Comment on Tesla In 'Self-Drive Mode' Hit By Train After Turning Onto Train Tracks
catloaf@lemm.ee 12 hours agoI’ve heard they also like to disengage self-driving mode right before a collision.
sturmblast@lemmy.world 12 hours ago
catloaf@lemm.ee 12 hours ago
In the report, the NHTSA spotlights 16 separate crashes, each involving a Tesla vehicle plowing into stopped first responders and highway maintenance vehicles. In the crashes, it claims, records show that the self-driving feature had “aborted vehicle control less than one second prior to the first impact”
sem@lemmy.blahaj.zone 12 hours ago
It’s been well documented. It lets them say in their statistics that the owner was in control of the car during the crash
sturmblast@lemmy.world 6 hours ago
That’s my whole point
ayyy@sh.itjust.works 12 hours ago
How so? The human in the care is always ultimately responsible when using level 3 driver assists. Tesla does not have level 4/5 self-driving and therefore doesn’t have to assume any liability.
sturmblast@lemmy.world 6 hours ago
If you are monkeying with the car right before it crashes… wouldn’t that raise suspicion?
Pika@sh.itjust.works 11 hours ago
This right here is another fault in regulation that eventually will catch up because Especially with level three where it’s primarily the vehicle driving and the driver just gives periodic input It’s not the driver that’s in control most of the time. It’s the vehicle so therefore It should not be the driver at fault
Honestly, I think everything up to level two should be drivers at fault because those levels require a constant driver’s input. However, level three conditional driving and hire should be considered liability of the company unless the company can prove that the autonomous control, handed control back to the driver in a human-capable manner (i.e Not within the last second like Tesla currently does)

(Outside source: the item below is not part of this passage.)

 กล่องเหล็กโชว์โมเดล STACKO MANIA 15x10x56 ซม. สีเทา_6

sylver_dragon@lemmy.world 12 hours ago
That actually sounds like a reasonable response. Driving assist means that a human is supposed to be attentive to take control. If the system detects a situation where it’s unable to make a good decision, dumping that decision on the human in control seems like the closest they have to a “fail safe” option. Of course, there should probably also be an understanding that people are stupid and will almost certainly have stopped paying attention a long time ago. So, maybe a “human take the wheel” followed by a “slam the brakes” if no input is detected in 2-3 seconds. While an emergency stop isn’t always the right choice, it probably beats leaving a several ton metal object hurtling along uncontrolled in nearly every circumstance.

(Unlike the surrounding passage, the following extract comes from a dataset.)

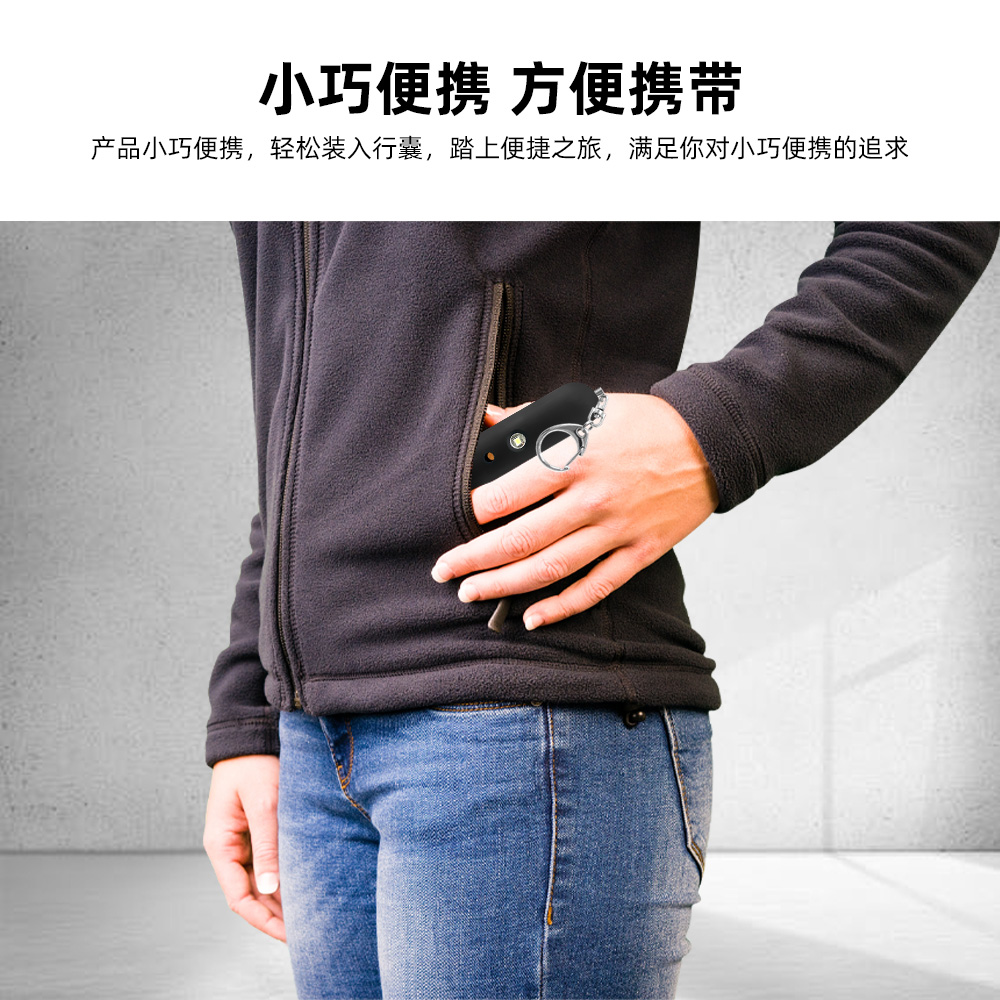 双喇叭个人报警器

zaphod@sopuli.xyz 11 hours ago
If you give the driver enough time to respond, which tesla doesn’t. They turn it off a second before impact and then claim it wasn’t it self-driving mode.
whotookkarl@lemmy.world 9 hours ago
Not even a second, it’s sometimes less than 250-300ms. If I wasn’t already anticipating it to fail and disengage as it went though the 2-lane wide turn I would have gone straight into oncoming traffic
catloaf@lemm.ee 12 hours ago
Yeah but I googled it after making that comment, and it was sometimes less than one second before impact: futurism.com/tesla-nhtsa-autopilot-report
nthavoc@lemmy.today 11 hours ago
I have seen reports where Tesla logic appears as “Human take the wheel since the airbag is about to deploy in the next 2 micro seconds after solely relying on camera object detection and this is totally YOUR fault, kthxbai!” If there was an option to allow the bot to physically bail out of the car as it rolls you onto the tracks while you’re still sitting in the passenger seat, that’s how I would envision how this auto pilot safety function works.
elucubra@sopuli.xyz 12 hours ago
I don’t know if that is still the cae, but many electronic stuff in th is had warnings, with pictures like “don’t put it I the bath”, and the like .
People are dumb, and you should take that into account.